◆ Raw data ◆
+-------+
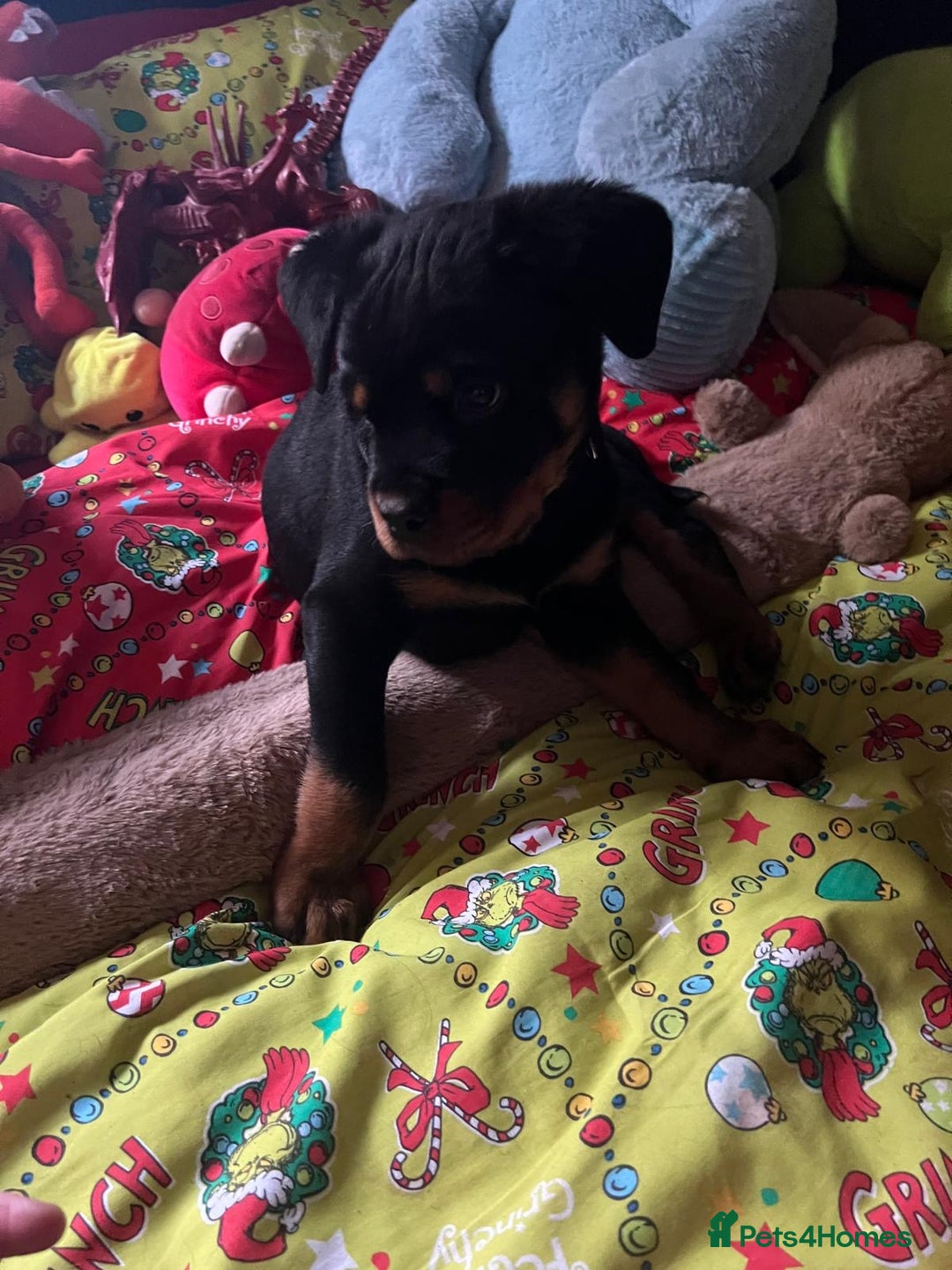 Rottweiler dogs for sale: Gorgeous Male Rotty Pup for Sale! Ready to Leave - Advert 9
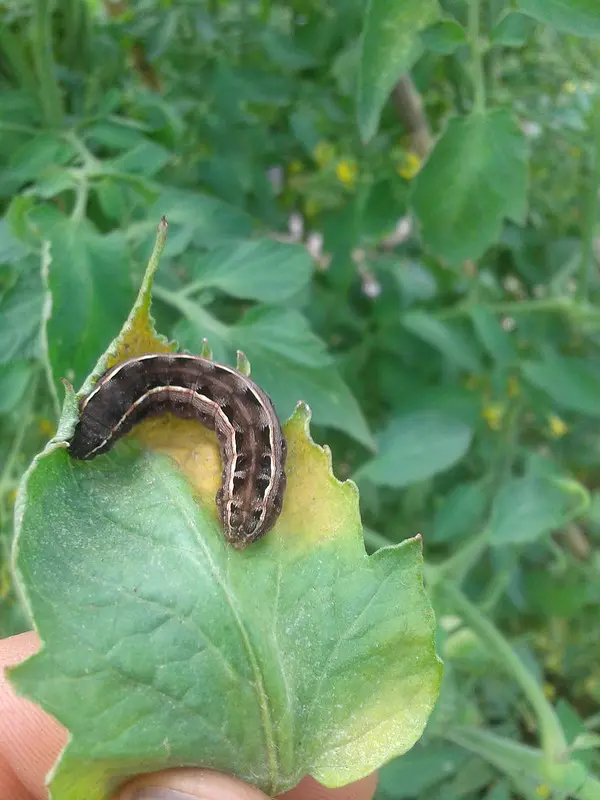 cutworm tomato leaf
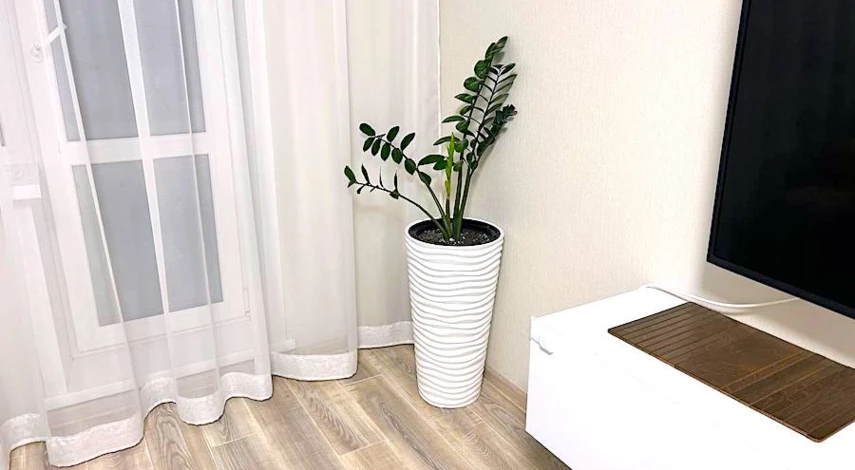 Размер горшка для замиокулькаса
+-------+
◆ Activity ◆
Every line of the data above is to be repeated exactly; the images are to be left out.

◆ The completed task ◆
 Rottweiler dogs for sale: Gorgeous Male Rotty Pup for Sale! Ready to Leave - Advert 9
 cutworm tomato leaf
 Размер горшка для замиокулькаса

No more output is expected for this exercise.